Creating a Custom Conda Environment

You can create your own environment and install PyTorch via pip. Note that cloning the global pytorch environment won’t include PyTorch itself, as it was installed via pip. Our GPUs support CUDA up to 12.9. Below are installation examples:

module load miniforge3/25.3.1-gcc-11.4.1
conda create --name my_pytorch_cuda11.8
conda activate my_pytorch_cuda11.8
pip install torch torchvision torchaudio --index-url https://download.pytorch.org/whl/cu118

module load miniforge3/25.3.1-gcc-11.4.1
conda create --name my_pytorch_cuda12.6
conda activate my_pytorch_cuda12.6
pip install torch torchvision torchaudio

module load miniforge3/25.3.1-gcc-11.4.1
conda create --name my_pytorch_cuda12.8
conda activate my_pytorch_cuda12.8
pip install torch torchvision torchaudio --index-url https://download.pytorch.org/whl/cu128

Verifying GPU Availability

After installing PyTorch and activating your environment, you can verify that PyTorch detects the available GPUs by using the following Python commands on a GPU node:

import torch

print("CUDA available:", torch.cuda.is_available())
print("Number of GPUs:", torch.cuda.device_count())
if torch.cuda.is_available():
    print("Current GPU:", torch.cuda.get_device_name(torch.cuda.current_device()))

Remember you’ll need to request an interactive or batch job to be able to ssh into a GPU node.

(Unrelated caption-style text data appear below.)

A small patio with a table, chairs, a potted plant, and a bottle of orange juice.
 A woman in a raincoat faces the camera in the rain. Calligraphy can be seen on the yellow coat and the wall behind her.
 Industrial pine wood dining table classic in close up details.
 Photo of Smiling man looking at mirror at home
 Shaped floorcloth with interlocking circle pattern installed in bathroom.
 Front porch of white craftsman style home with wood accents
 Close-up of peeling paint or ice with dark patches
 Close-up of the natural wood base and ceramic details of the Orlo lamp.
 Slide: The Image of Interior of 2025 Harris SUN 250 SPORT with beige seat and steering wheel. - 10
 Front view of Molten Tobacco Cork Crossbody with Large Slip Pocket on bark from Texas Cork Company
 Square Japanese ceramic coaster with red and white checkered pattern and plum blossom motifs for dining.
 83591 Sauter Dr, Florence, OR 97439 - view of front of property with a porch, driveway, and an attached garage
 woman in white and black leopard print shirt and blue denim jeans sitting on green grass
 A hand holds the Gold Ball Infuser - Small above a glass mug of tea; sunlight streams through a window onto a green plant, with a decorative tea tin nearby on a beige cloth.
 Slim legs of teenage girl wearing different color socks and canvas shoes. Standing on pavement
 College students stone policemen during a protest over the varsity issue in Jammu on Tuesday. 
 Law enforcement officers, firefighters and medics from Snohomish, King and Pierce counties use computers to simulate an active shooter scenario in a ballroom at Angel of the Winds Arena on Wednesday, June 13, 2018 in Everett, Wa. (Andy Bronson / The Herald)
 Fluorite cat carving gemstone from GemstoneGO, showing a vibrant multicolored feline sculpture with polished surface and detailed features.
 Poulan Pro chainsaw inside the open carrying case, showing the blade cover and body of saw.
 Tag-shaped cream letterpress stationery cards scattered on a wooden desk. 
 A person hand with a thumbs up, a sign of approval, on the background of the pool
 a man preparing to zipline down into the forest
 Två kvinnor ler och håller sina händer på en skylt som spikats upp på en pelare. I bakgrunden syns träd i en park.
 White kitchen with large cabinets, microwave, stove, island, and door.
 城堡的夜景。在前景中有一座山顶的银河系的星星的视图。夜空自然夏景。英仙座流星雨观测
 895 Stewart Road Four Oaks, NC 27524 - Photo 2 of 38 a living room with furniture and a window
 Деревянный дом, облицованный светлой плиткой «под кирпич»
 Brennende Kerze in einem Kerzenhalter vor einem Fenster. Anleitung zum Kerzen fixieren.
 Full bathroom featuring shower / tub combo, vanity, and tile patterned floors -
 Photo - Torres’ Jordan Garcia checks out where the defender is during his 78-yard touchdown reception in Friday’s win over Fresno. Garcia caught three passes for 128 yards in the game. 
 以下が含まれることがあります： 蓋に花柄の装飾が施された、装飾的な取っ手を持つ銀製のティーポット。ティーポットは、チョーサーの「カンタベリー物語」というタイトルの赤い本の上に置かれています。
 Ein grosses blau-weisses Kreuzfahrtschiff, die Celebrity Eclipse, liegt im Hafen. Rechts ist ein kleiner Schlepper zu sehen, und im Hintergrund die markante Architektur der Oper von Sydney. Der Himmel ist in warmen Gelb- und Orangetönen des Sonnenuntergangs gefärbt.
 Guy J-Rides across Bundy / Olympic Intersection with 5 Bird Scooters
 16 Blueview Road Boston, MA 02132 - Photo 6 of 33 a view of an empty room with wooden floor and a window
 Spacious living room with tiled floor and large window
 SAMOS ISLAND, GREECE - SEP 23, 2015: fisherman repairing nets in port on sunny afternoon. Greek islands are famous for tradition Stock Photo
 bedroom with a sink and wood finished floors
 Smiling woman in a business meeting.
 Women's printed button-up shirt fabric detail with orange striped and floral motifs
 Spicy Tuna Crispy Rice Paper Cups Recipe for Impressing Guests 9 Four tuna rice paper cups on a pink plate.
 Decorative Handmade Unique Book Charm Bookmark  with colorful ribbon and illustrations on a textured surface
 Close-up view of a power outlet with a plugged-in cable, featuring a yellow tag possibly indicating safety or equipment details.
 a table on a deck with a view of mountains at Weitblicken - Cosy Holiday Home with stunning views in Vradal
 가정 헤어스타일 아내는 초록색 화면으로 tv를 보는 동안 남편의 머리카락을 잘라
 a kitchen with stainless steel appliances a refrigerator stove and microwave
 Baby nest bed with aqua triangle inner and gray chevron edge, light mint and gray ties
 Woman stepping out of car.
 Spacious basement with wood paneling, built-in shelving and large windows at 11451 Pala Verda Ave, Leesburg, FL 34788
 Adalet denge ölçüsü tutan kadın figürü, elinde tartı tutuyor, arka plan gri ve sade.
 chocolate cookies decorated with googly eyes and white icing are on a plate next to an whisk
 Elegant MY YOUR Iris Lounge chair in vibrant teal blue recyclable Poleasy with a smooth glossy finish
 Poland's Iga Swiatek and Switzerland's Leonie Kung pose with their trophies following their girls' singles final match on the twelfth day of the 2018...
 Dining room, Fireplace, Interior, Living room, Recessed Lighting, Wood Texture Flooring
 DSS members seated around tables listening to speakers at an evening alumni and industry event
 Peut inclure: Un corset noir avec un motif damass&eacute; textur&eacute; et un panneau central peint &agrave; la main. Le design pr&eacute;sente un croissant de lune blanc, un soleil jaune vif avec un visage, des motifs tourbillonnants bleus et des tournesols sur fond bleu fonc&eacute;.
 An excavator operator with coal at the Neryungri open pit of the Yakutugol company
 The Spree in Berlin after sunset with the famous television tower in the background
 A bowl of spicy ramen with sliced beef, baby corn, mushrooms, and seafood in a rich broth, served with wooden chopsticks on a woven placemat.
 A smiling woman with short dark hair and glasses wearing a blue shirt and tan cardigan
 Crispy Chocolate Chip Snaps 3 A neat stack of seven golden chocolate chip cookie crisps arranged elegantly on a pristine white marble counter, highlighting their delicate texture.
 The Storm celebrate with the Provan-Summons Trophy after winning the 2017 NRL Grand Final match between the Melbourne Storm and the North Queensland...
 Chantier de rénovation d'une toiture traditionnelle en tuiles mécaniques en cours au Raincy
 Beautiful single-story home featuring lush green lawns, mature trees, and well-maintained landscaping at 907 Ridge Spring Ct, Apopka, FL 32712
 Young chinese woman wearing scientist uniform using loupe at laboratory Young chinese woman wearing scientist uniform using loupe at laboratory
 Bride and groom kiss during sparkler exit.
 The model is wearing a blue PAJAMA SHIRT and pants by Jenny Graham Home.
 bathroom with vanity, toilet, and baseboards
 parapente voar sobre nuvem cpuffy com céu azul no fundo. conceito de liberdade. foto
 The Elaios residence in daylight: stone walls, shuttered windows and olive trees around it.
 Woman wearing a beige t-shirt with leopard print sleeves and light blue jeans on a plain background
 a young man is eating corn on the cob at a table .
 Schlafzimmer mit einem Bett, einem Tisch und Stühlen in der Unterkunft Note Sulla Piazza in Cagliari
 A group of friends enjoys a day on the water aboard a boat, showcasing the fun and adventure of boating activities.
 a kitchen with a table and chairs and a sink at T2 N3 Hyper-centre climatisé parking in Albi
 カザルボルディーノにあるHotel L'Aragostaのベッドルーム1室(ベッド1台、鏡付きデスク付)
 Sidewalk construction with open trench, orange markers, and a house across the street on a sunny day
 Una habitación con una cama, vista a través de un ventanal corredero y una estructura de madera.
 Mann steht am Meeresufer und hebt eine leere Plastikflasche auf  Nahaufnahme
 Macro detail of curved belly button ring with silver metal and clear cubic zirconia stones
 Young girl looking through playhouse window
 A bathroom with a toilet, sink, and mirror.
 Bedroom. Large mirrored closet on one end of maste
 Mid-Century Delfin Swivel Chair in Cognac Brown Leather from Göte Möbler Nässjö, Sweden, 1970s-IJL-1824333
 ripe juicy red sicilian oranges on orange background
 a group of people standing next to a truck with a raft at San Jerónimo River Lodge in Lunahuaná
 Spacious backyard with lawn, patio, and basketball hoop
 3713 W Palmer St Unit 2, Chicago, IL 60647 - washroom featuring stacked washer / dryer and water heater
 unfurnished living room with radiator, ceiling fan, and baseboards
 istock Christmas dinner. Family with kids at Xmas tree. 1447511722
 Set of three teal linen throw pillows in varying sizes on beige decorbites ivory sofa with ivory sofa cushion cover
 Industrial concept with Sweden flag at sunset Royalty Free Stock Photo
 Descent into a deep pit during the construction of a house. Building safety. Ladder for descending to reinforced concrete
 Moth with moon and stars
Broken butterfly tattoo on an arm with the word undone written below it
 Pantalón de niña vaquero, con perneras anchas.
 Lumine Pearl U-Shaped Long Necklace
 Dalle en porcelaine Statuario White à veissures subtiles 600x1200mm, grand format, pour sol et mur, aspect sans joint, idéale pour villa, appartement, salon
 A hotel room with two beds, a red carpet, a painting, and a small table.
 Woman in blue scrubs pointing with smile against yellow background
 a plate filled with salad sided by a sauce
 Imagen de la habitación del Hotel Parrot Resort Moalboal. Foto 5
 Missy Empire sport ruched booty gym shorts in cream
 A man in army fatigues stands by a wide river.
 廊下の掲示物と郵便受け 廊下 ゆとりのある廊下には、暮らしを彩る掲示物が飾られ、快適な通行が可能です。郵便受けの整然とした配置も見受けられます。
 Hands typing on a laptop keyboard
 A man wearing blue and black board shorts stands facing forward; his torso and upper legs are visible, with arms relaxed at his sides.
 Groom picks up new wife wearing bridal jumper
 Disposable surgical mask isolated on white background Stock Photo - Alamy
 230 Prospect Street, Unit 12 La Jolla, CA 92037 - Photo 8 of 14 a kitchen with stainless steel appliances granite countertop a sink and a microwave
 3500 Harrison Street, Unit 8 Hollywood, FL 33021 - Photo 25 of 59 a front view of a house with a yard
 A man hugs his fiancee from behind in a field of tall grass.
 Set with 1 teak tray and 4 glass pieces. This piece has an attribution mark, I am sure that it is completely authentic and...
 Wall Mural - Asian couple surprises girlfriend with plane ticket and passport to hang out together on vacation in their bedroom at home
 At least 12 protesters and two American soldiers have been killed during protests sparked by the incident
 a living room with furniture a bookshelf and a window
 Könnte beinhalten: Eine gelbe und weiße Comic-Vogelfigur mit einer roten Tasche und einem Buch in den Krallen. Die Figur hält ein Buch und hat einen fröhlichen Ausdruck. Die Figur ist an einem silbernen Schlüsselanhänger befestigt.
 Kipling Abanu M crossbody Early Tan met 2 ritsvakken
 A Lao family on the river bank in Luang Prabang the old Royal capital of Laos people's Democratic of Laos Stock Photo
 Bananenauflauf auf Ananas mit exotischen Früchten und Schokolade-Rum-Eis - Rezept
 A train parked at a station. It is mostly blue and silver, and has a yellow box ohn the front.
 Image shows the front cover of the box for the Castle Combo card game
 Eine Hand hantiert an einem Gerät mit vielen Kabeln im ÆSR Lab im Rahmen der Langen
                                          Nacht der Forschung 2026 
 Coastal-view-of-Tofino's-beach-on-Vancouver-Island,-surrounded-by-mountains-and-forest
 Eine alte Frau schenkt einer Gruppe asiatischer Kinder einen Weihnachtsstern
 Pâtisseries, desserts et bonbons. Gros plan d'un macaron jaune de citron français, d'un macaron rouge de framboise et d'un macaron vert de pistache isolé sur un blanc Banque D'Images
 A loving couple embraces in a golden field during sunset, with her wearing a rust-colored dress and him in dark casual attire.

For example:

# Submit interactive job
srun --partition=gpu1h100 --job-name test_my_pytorch_env \
    --time=05:00 --nodes=1 --gpus=1 --ntasks-per-node=1 \
    --pty /bin/bash -i

# Create python file to test pytorch
cat <<EOF > pytorch_test.py
import torch

print("CUDA available:", torch.cuda.is_available())
print("Number of GPUs:", torch.cuda.device_count())
if torch.cuda.is_available():
    print("Current GPU:", torch.cuda.get_device_name(torch.cuda.current_device()))
EOF

# Execute the test program
module load miniforge3/25.3.1-gcc-11.4.1
conda activate my_pytorch_env
python pytorch_test.py

If CUDA is available and at least one GPU is detected, you should see output similar to:

CUDA available: True
Number of GPUs: 1
Current GPU: NVIDIA H100 NVL

Note

If torch.cuda.is_available() returns False, ensure that:

You are running on a compute node with GPU access (not a login or cpu node).
Your job explicitely requests 1 or more GPUs (e.g. --gpus=2, --gpus-per-node=2)
Your environment includes a PyTorch build with CUDA support.
The appropriate GPU drivers and CUDA libraries are available on the system.

Using GPUs in PyTorch

Once you’ve confirmed that your custom PyTorch environment detects the GPUs, you can start using it for computations. Below are common usage patterns:

Moving Tensors to GPU

You can move tensors to the GPU using the .to() or .cuda() methods:

import torch

# Create a tensor on the CPU
x_cpu = torch.randn(3, 3)

# Move it to the GPU (if available)
device = torch.device("cuda" if torch.cuda.is_available() else "cpu")
x_gpu = x_cpu.to(device)

print("Tensor device:", x_gpu.device)

Model Training on GPU

To train a model on the GPU, both the model and the data must be moved to the GPU:

import torch
import torch.nn as nn
import torch.optim as optim

# Dummy model
class SimpleModel(nn.Module):
    def __init__(self):
        super().__init__()
        self.linear = nn.Linear(10, 1)

    def forward(self, x):
        return self.linear(x)

device = torch.device("cuda" if torch.cuda.is_available() else "cpu")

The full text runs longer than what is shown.